My work here would not be complete without naming them. Both Tailscale and all laws of good taste require it. Please meet Orca and Plankton. Orca is the home server. Big and full of wisdom. Plankton is the smallest VPS I can get, and provably replaceable. (Plankton is in fact already on its third incarnation.) These are in keeping with a new marine theme I seem to have struck up: my home PC is called Terrapin.
Network Topology
As alluded to above, Tailscale is a really fundamental element of my infrastructure. All of my local networking is routed through Tailscale IP addresses. They are static for all time, they route directly, and it was super easy to set up. I’ve got all of my devices attached to it and I’m not yet paying them. Every feature I’ve needed has been no more than three clicks away. It works great, and I can’t imagine considering anything else for what I’m doing here. Having said that, this is still me we’re talking about here, so I was never going to stick with the defaults.
While it’s undeniably convenient, I found the Tailscale default TLD for nodes to be unsightly and restrictive. I plan to run multiple services and I want each of them to have separate domain names. While it would be nice if Tailscale supported subdomains, I’m kind of glad they don’t. It has allowed me to purchase perhaps my favourite domain name ever.
All of my internal services, all of my infrastructure nodes, all of everything that is not exposed to the internet is attached to the domain name max.plumbing
. I bought this with my real money and it might be the best $80 or so that I’ve ever spent.
As well as pretty URLs, it was also very important to me to have TLS. A lot of apps and services warn if they are not running over TLS, even if (unbeknownst to them) they are running in an encrypted wireguard channel, and are locked inside a private network. I was also unwilling to deal with self-signed certificates. I don’t want to add a certificate to multiple isolated trust stores myself, let alone inflict it on somebody else I claim to care about. I use an iPhone, for crying out loud.
How are we to get all of these things done? Split DNS! Domain names are translated into routable IP addresses via a protocol called [the] Domain Name System.
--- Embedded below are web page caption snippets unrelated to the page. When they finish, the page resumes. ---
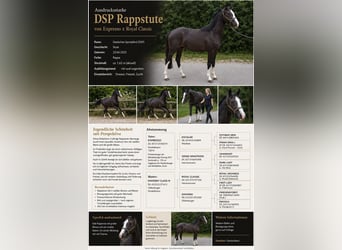 German Sport Horse, Mare, 3 years, 15.3 hh, Black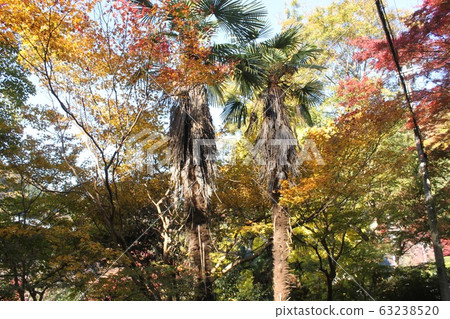 Autumn leaves scenery of Kyoto Yase 63238520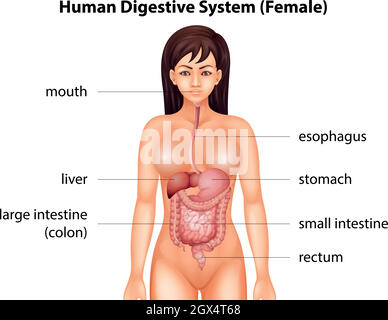 Human digestive system Stock Vector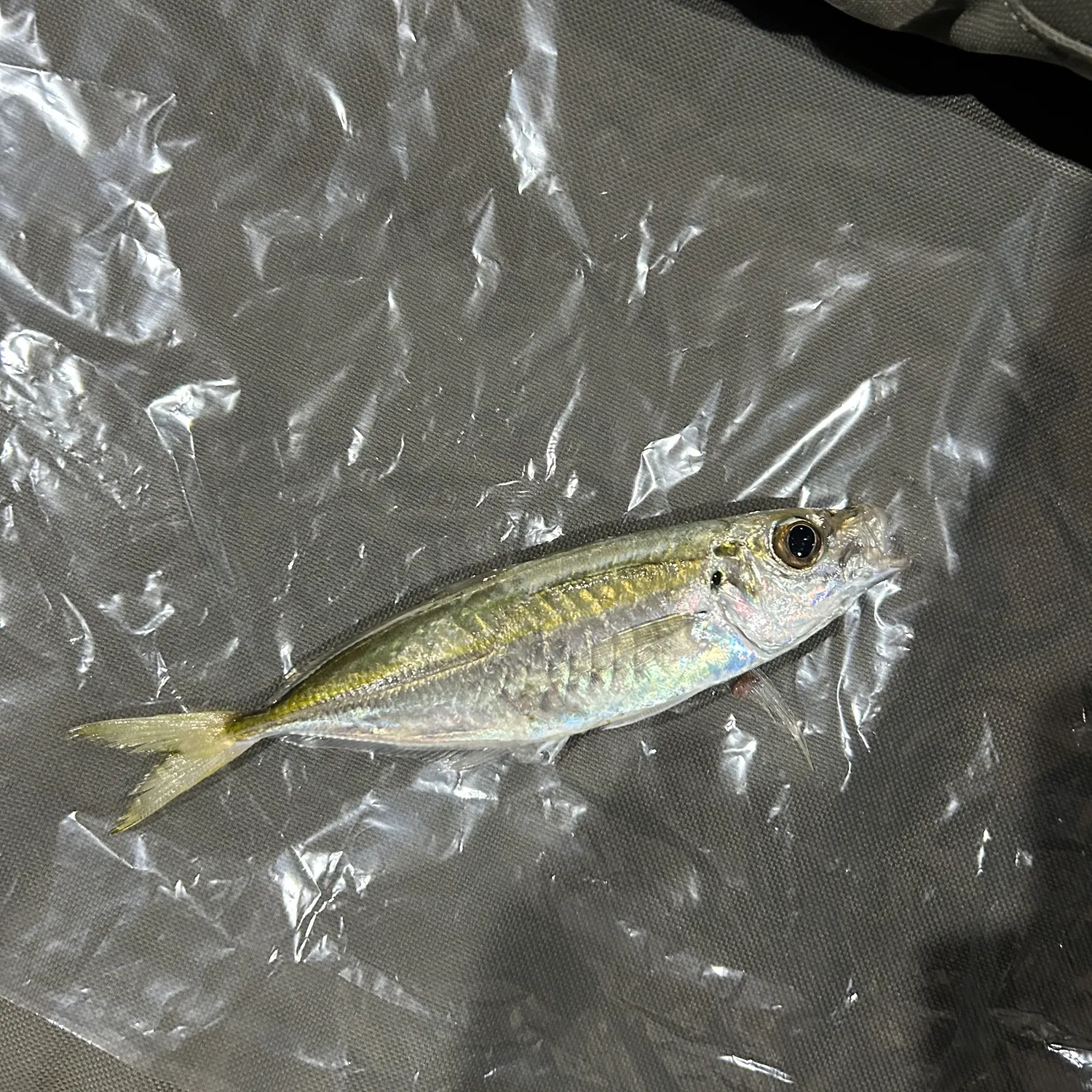 The most recent Bigeye scad catches on Fishbrain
This protocol traces its origins back to a painstakingly maintained HOSTS.TXT
file hosted at Stanford University, but is now a complex set of canonical servers and relays all over the world. When your computer makes a domain name lookup with DNS, it consults a specific DNS server — that is selected by either you or more likely your ISP — to find its answer. If that server doesn’t know, it passes it back up the chain, ultimately ending up at a server that says it is the authority on that domain name. The server that gets to be the authority is actually centrally maintained in a public database of domain names, indexed by the TLD, or top level domain. That’s your .com
, .net
, or even .plumbing
.
Since we can select our DNS server, it is possible to override the DNS lookup process within a specific private network. This includes a Tailnet. Tailscale by default does exactly this to resolve its machine names, but they also provide an option to add other overlay servers to the chain. This technology allows me to provide public DNS records for max.plumbing
, and an altogether different set of private records for anyone within my Tailnet. We can use the dig
utility to demonstrate this:
mpwb@orca:~$ dig A orca.max.plumbing +short
100.x.y.z
mpwb@orca:~$ dig A orca.max.plumbing +short @9.9.9.9
155.138.139.214
With this one weird trick, I can have a completely different service graph exposed to my private network, while still having a public resolution for anything I wish. Right now I use that for TLS certificate verification. My private server is able to solve ACME challenges from Let’s Encrypt by having the HTTP challenge requests be proxied down to it by Plankton.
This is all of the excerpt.